::: Task inputs :::
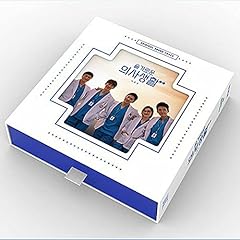 Hospital playlist ost usato  Spedito ovunque in Italia 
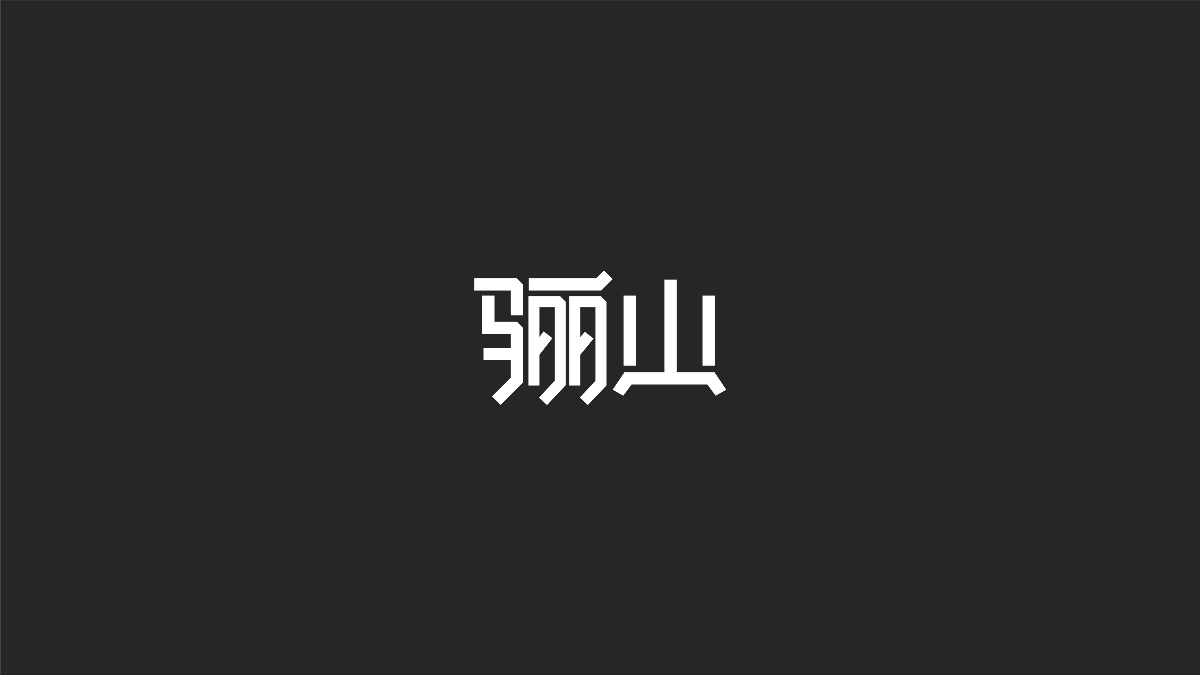 字体设计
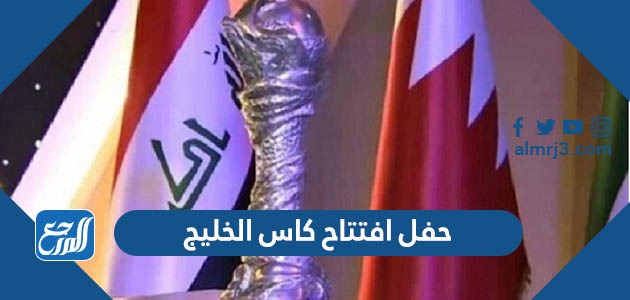 حفل افتتاح كاس الخليج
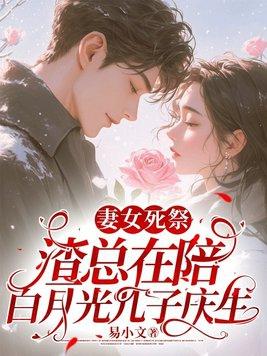 妻女死祭渣总在陪白月光孩子庆生全文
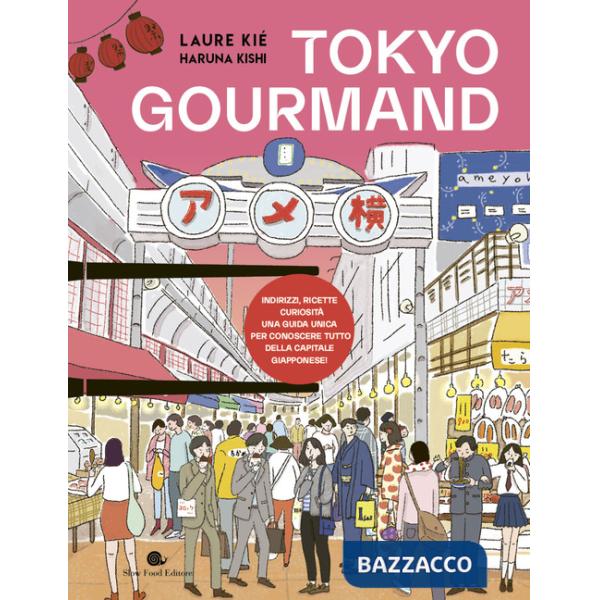Tokyo gourmand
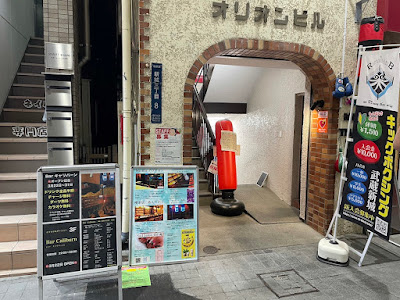 カラオケスナック キャリバーン 사진 3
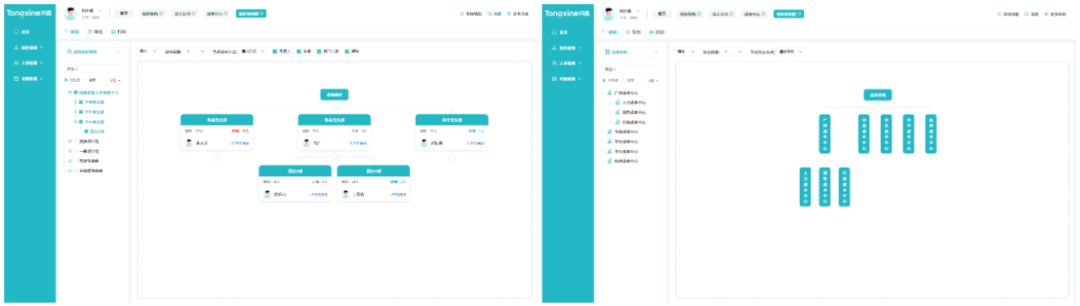 1745999724806228.png 640 (1).png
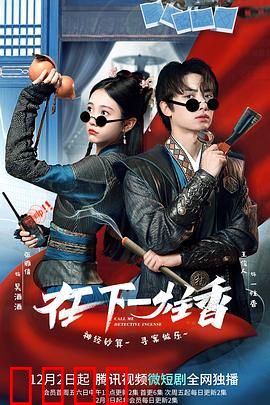 在下一炷香：逆天改命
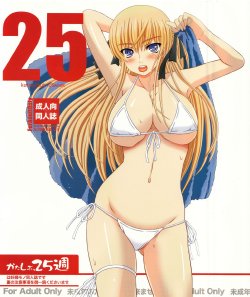 [Shiawase Kyouwakoku (Shiawase no Katachi)] Katashibu 25-shuu  - katasibut 25week  [Russian] [BLANDR]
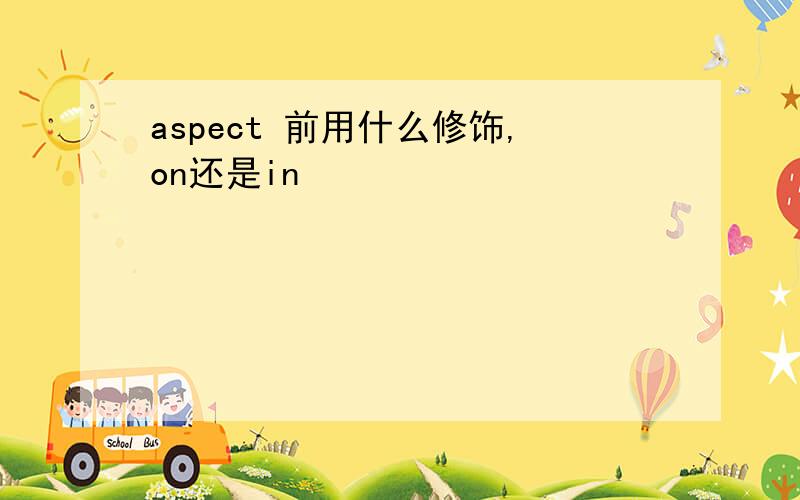 aspect 前用什么修饰,on还是in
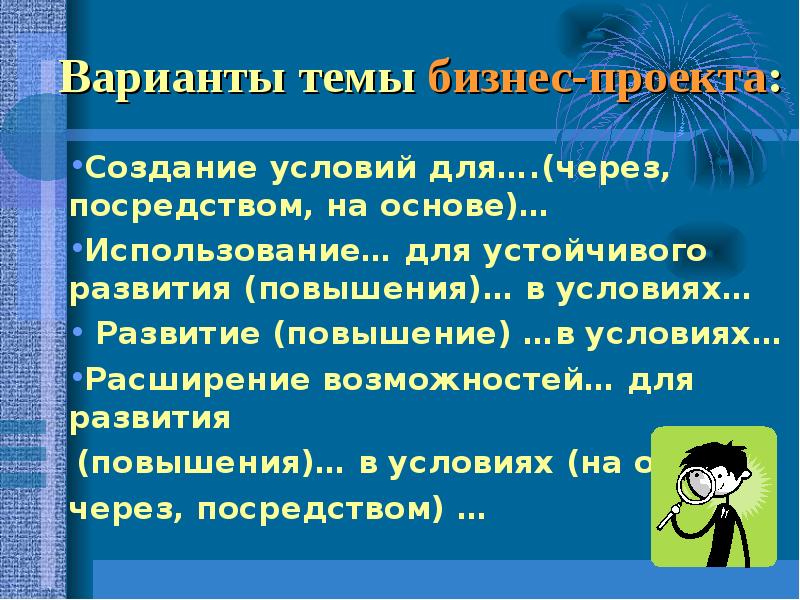 Создание условий для развития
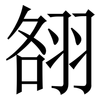 䎊: Serifenschrift (Songti/Mingti)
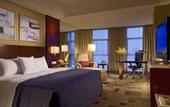 Туры в отель Sheraton Guiyang Guihang Hotel (Jiaxiu Tower Qingyun Market Store)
:::
_What you are asked to do_: Every record is to be repeated exactly, and no picture is carried over.

_Task response_:
 Hospital playlist ost usato  Spedito ovunque in Italia 
 字体设计
 حفل افتتاح كاس الخليج
 妻女死祭渣总在陪白月光孩子庆生全文
Tokyo gourmand
 カラオケスナック キャリバーン 사진 3
 1745999724806228.png 640 (1).png
 在下一炷香：逆天改命
 [Shiawase Kyouwakoku (Shiawase no Katachi)] Katashibu 25-shuu  - katasibut 25week  [Russian] [BLANDR]
 aspect 前用什么修饰,on还是in
 Создание условий для развития
 䎊: Serifenschrift (Songti/Mingti)
 Туры в отель Sheraton Guiyang Guihang Hotel (Jiaxiu Tower Qingyun Market Store)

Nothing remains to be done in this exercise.